*** Begin section ***

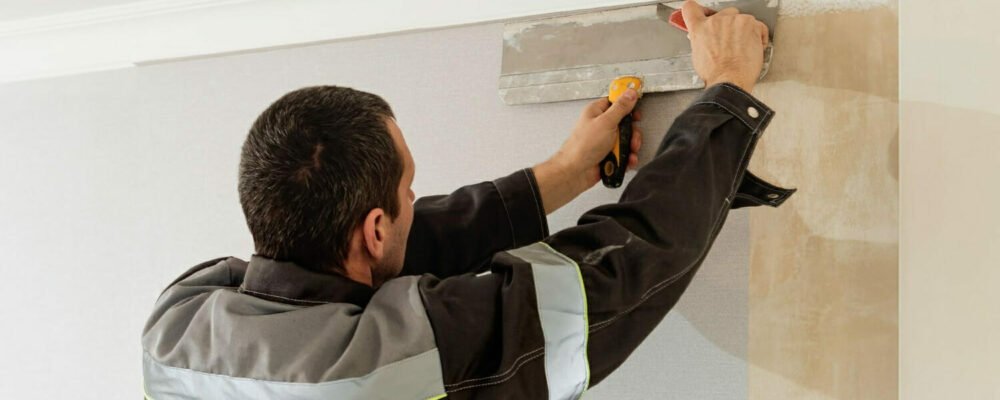 man-is-cutting-wallpaper-maintenance-repair-works-renovation-flat-apartment-renovation-restoration-idea-indoors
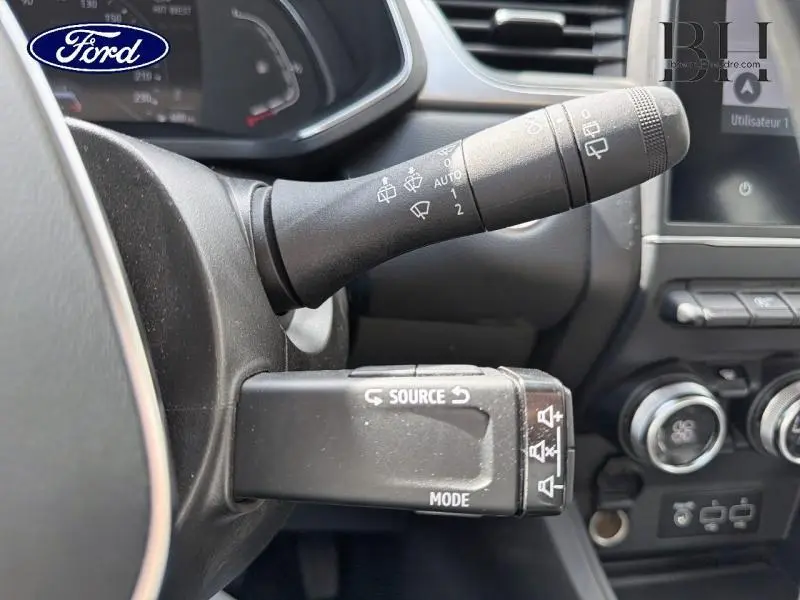 Gros plan sur les commandes au volant d'un Renault Captur gris Cassiopée, avec leviers de clignotants et multimédia visibles.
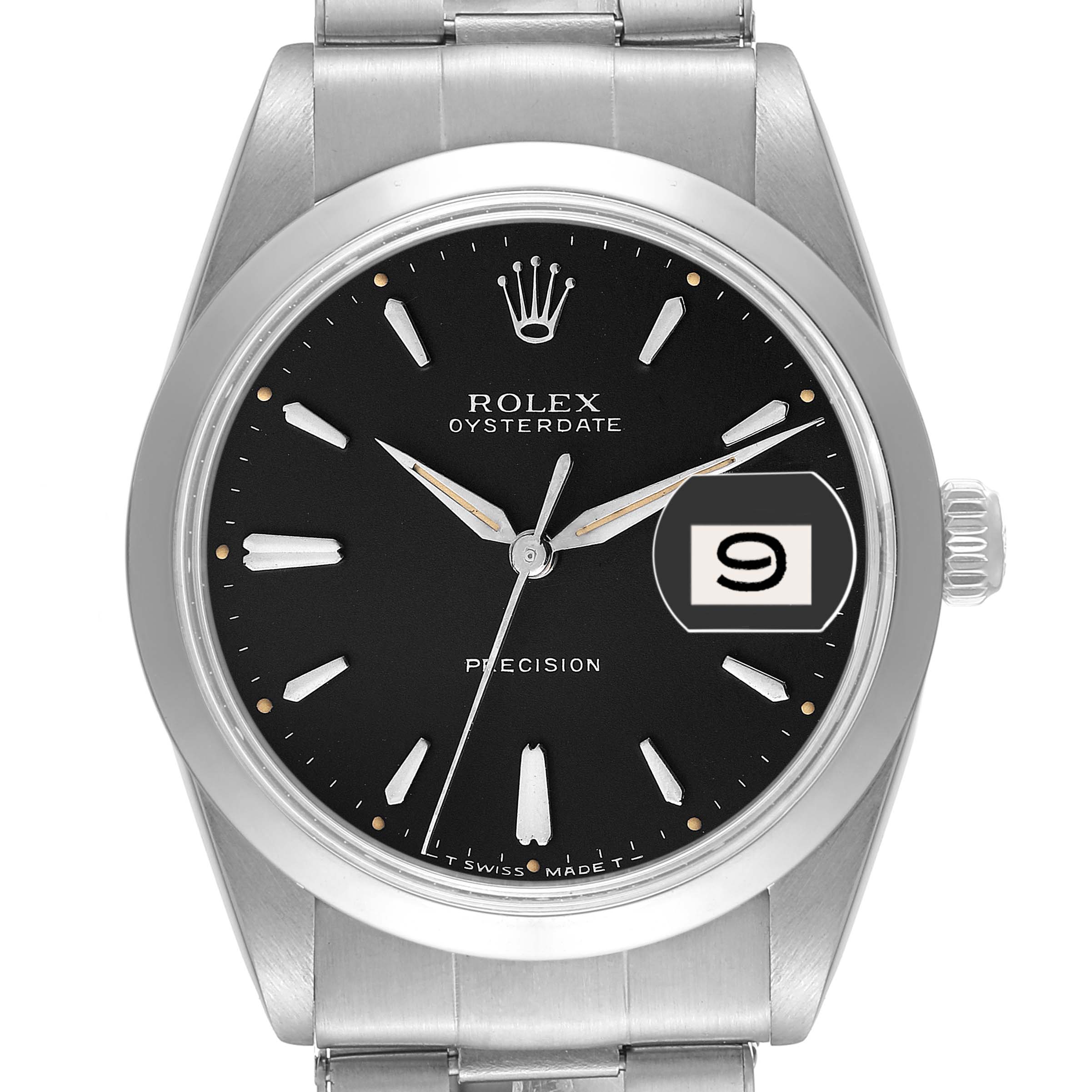 The image shows a front view of the Rolex Vintage Collection 6694 Men's Stainless Steel Black Dial 6694 Men's Stainless Steel Black Dial model Oysterdate's dial, hands, crown, and part of the bracelet.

*** End section ***

**WORK ORDER**
Only the pictures are to be left out; all other material is to be output exactly.

**YOUR RESPONSE**
 man-is-cutting-wallpaper-maintenance-repair-works-renovation-flat-apartment-renovation-restoration-idea-indoors
 Gros plan sur les commandes au volant d'un Renault Captur gris Cassiopée, avec leviers de clignotants et multimédia visibles.
 The image shows a front view of the Rolex Vintage Collection 6694 Men's Stainless Steel Black Dial 6694 Men's Stainless Steel Black Dial model Oysterdate's dial, hands, crown, and part of the bracelet.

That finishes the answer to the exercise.